The Department for Digital, Culture, Media and Sport (DCMS) committee inquiry, which started in October 2020 and took evidence from musicians including Nile Rodgers, reported that unless artists received a larger share of revenues, the UK’s music landscape could be transformed within a decade.

The committee chair, Julian Knight, said that while streaming had “brought significant profits to the recorded music industry, the talent behind it – performers, songwriters and composers – are losing out”.

The report says: “The pitiful returns from music streaming impact the entire creative ecosystem. Successful, critically acclaimed professional performers are seeing meagre returns from the dominant mode of music consumption. Non-featured performers are frozen out altogether, impacting what should be a viable career in its own right, as well as a critical pipeline for new talent.”

Record labels and the streaming sites are criticised in the report, which says that although streaming undoubtedly helped save the music industry after two decades of digital piracy, the companies have “leveraged structural advantages to achieve seemingly unassailable positions” in their markets.

The report refers to estimates that streaming services take 30-34% of revenues from a stream, with the label recouping 55% and the rest shared out between the recording artist, publisher and songwriter.

The MPs say they have “deep concerns about the position of the major music companies” and call on the government to ask the Competition and Markets Authority to investigate whether competition in the recorded music market is being distorted. They say the major labels: Sony, Universal and Warner Music, benefit at the expense of independent labels and self-releasing artists when it comes to playlisting.

“The issues ostensibly created by streaming simply reflect more fundamental, structural problems within the recorded music industry,” the report says. “Streaming needs a complete reset.”

The committee recommends “a broad yet comprehensive range” of legislative reforms to protect the rights of musicians and songwriters, who it says are getting poor returns from streaming – an industry that generates £600m in revenues a year.

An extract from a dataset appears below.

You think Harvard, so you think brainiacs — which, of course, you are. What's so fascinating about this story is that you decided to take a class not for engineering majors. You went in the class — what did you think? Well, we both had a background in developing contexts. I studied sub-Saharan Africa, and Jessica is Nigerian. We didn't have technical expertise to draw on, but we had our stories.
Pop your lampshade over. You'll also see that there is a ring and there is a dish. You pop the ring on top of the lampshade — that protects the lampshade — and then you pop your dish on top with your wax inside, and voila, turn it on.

The 121-page report backs calls for artists to have equitable remuneration from streams, which would mean their work is classified as a “rental” when it is played on platforms such as Spotify, which has a 44% market share compared with 25% each for Amazon Music and Apple Music.

The measure would mean streams are treated in a similar way to radio plays, with a collecting society recouping royalties on an artist’s behalf. The committee says the change would be a “simple yet effective solution” to the problems caused by poor remuneration from music streaming.

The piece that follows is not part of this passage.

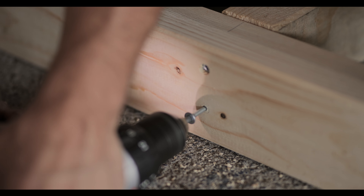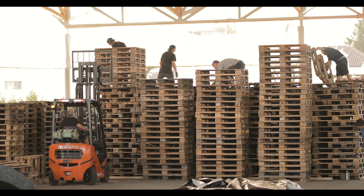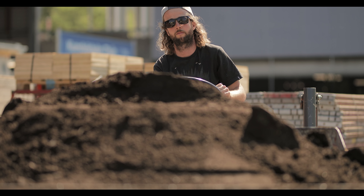We're here in Thun at the ice rink for the ninth edition of the Swatch Rocket Air. We constantly change the course — this year we modified every jump just by a little bit so it works even better than the year before.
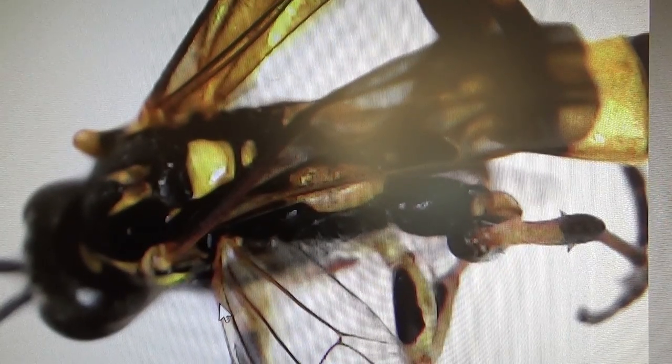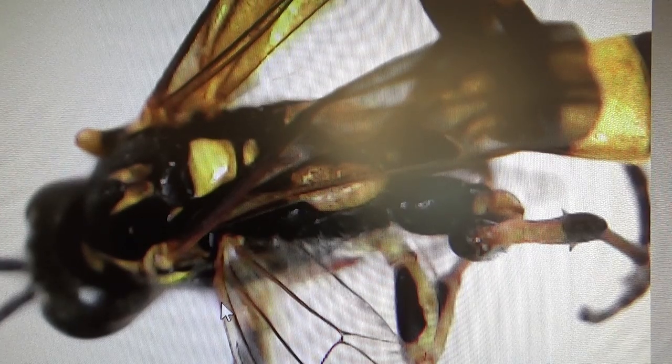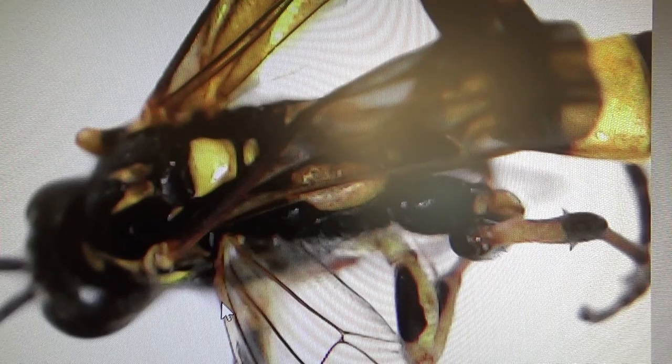Welcome to Mimi's Science Lab. Now this is using a microscope, and then I'll show you in real. It's always fun to look at things under the microscope - they're so much bigger, and you'll see so many details.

It also recommends introducing a right to recapture the rights to works after a period of time and the right to contract adjustment if an artist’s works are “successful beyond the remuneration they receive”.

The suggestion of sweeping legal changes is at odds with the position of streaming sites and the three major labels, which have consistently argued the current system works and that equitable remuneration would be, in the words of the BPI’s Geoff Taylor, “a recipe for disaster” and lead to reduced revenues.

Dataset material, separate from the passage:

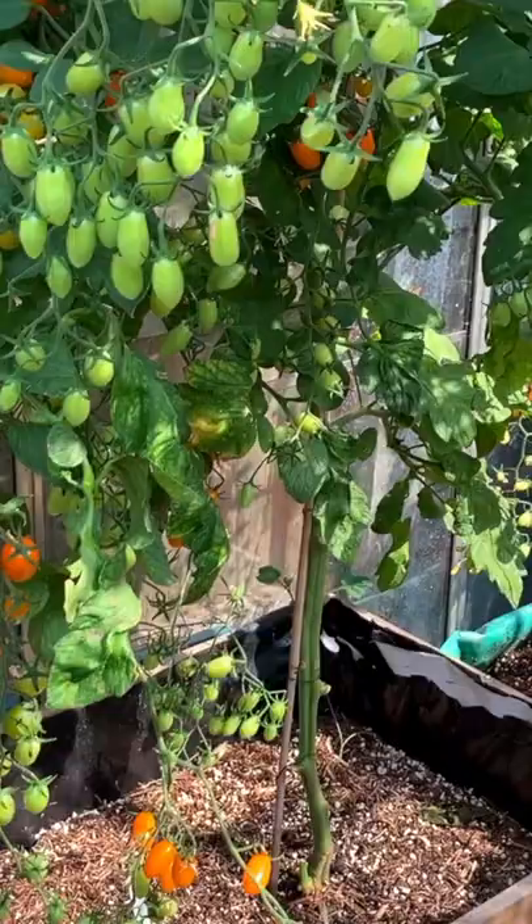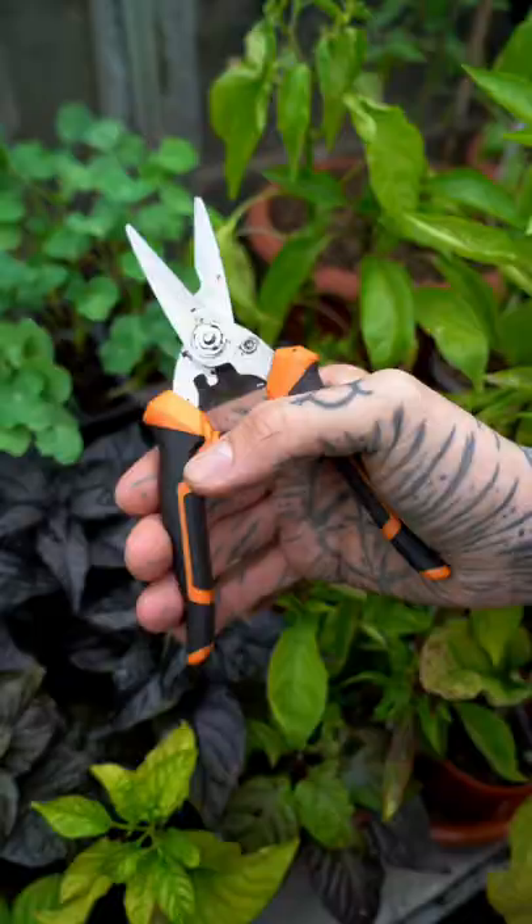Indeterminate varieties are vine tomatoes that continue to extend in length throughout the season. This is why they will need pruning.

The report says recorded music revenues are still much lower in real terms than they were two decades ago, but have been rising since 2014 when the percentage of UK population illegally downloading music was at 13%, before it dropped to 5% in 2020.

Will Page, a former chief economist at Spotify, submitted evidence saying that between 2015 and 2019 the streaming-led recovery boosted UK major label turnover by 21%. “The recorded music business not only got bigger but also much more profitable for record labels. Artists, however, have not received proportional benefit,” he wrote.

The MPs are critical of the hostility that potential contributors to the inquiry faced from within the music industry, pointing out they received 80 confidential submissions because people were afraid of speaking out publicly.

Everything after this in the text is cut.